Australian rugby league footballer and administrator

Simon Brockwell is an Australian former rugby league footballer who played in the 1970s and 1980s. He played for North Sydney in the New South Wales Rugby League (NSWRL) competition. Brockwell also played for Leigh in England.

==Background==
Brockwell represented NSW Country in 1980 before signing with Norths for the 1981 season.

==Playing career==
Brockwell made his first grade debut for North Sydney in round 1 1981 against South Sydney at Redfern Oval which ended in a 22-7 victory with Brockwell scoring a try. Brockwell ended the season as the club's top try scorer with 10 tries.

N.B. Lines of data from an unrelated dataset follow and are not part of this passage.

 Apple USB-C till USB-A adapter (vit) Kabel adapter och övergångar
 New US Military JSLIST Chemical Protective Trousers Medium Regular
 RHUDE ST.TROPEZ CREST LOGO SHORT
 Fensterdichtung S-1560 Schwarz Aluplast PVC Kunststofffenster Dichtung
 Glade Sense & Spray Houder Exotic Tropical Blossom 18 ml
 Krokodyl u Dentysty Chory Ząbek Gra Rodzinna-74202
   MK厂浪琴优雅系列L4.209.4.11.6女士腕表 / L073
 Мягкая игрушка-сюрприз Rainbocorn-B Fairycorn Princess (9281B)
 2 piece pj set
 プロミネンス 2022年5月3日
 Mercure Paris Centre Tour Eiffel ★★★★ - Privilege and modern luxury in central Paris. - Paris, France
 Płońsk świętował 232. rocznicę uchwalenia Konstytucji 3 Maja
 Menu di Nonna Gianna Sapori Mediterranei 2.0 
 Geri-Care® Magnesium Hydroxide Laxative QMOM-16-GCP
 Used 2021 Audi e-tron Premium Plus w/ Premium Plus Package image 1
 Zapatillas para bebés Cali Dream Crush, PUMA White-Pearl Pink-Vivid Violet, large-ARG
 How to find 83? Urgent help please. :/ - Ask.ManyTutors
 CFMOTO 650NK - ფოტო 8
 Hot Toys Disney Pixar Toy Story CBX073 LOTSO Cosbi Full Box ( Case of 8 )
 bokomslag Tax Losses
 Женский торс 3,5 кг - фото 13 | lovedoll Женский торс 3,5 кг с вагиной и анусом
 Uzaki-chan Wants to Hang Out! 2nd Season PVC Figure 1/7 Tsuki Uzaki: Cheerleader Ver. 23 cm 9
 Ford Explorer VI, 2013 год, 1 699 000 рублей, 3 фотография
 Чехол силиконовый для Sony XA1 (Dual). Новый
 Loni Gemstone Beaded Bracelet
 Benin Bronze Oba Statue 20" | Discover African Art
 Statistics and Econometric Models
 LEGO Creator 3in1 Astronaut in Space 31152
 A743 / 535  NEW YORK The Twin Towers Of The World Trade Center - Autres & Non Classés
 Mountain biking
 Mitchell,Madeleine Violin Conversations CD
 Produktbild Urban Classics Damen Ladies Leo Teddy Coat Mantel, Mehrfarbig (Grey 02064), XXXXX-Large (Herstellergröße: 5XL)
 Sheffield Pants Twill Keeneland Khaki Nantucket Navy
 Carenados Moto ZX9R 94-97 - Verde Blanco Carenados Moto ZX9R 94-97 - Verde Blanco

In 1982, Norths had one of the best seasons finishing third on the table. Brockwell played in both finals games as Norths crashed out in the semi-finals against Eastern Suburbs.

During the off season in Australia, Brockwell signed a contract to play with English side Leigh. Brockwell returned to Australia with Norths and played in the club's 1986 finals loss against Balmain at the Sydney Cricket Ground. Brockwell played one finals season for the club in 1987 before retiring.